→ **Task to carry out**: Print each record that follows exactly, leaving the pictures behind.

→ **Supplied entries**:
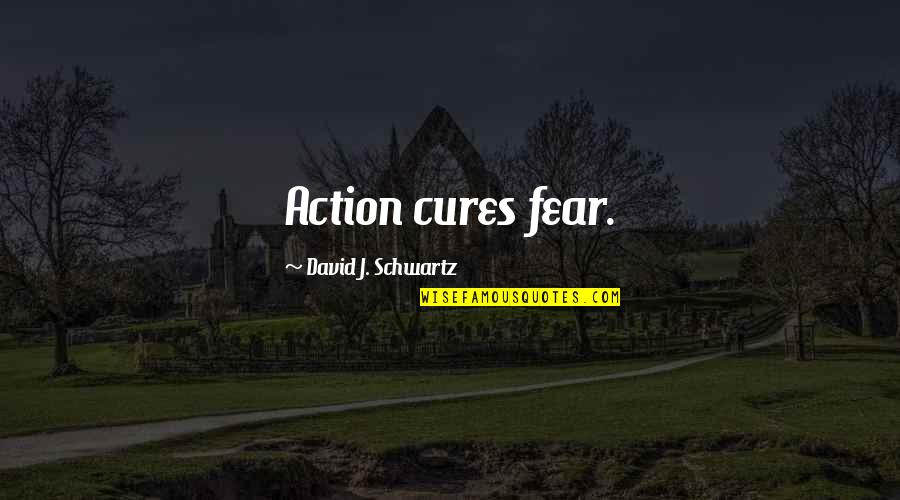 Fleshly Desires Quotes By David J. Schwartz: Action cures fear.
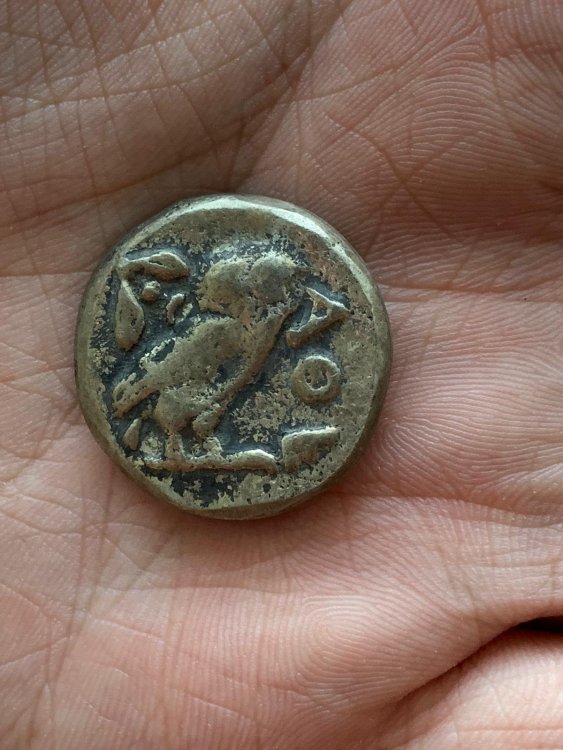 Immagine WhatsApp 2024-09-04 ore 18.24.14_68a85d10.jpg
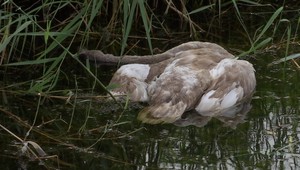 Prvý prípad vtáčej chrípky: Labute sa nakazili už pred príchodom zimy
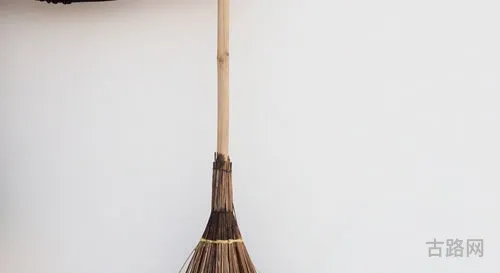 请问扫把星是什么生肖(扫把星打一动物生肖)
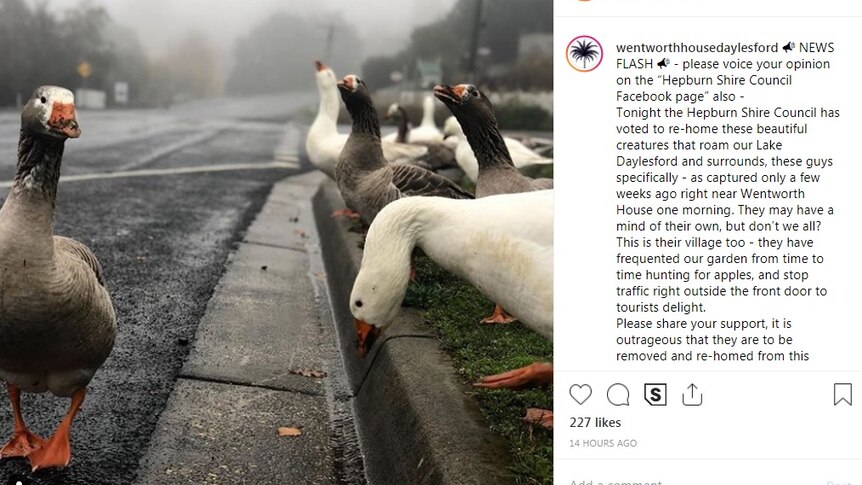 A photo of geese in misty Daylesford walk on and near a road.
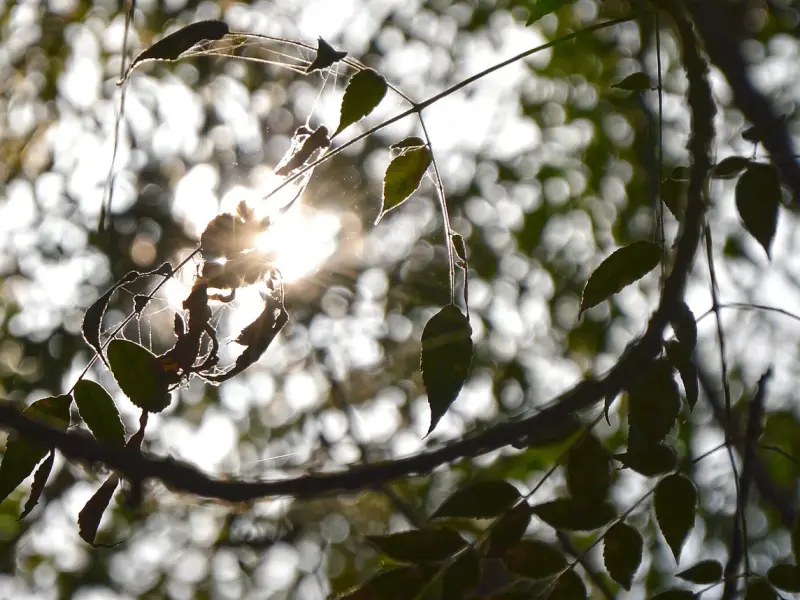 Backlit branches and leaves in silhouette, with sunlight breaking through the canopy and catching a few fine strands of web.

→ **Response box**:
 Fleshly Desires Quotes By David J. Schwartz: Action cures fear.
 Immagine WhatsApp 2024-09-04 ore 18.24.14_68a85d10.jpg
 Prvý prípad vtáčej chrípky: Labute sa nakazili už pred príchodom zimy
 请问扫把星是什么生肖(扫把星打一动物生肖)
 A photo of geese in misty Daylesford walk on and near a road.
 Backlit branches and leaves in silhouette, with sunlight breaking through the canopy and catching a few fine strands of web.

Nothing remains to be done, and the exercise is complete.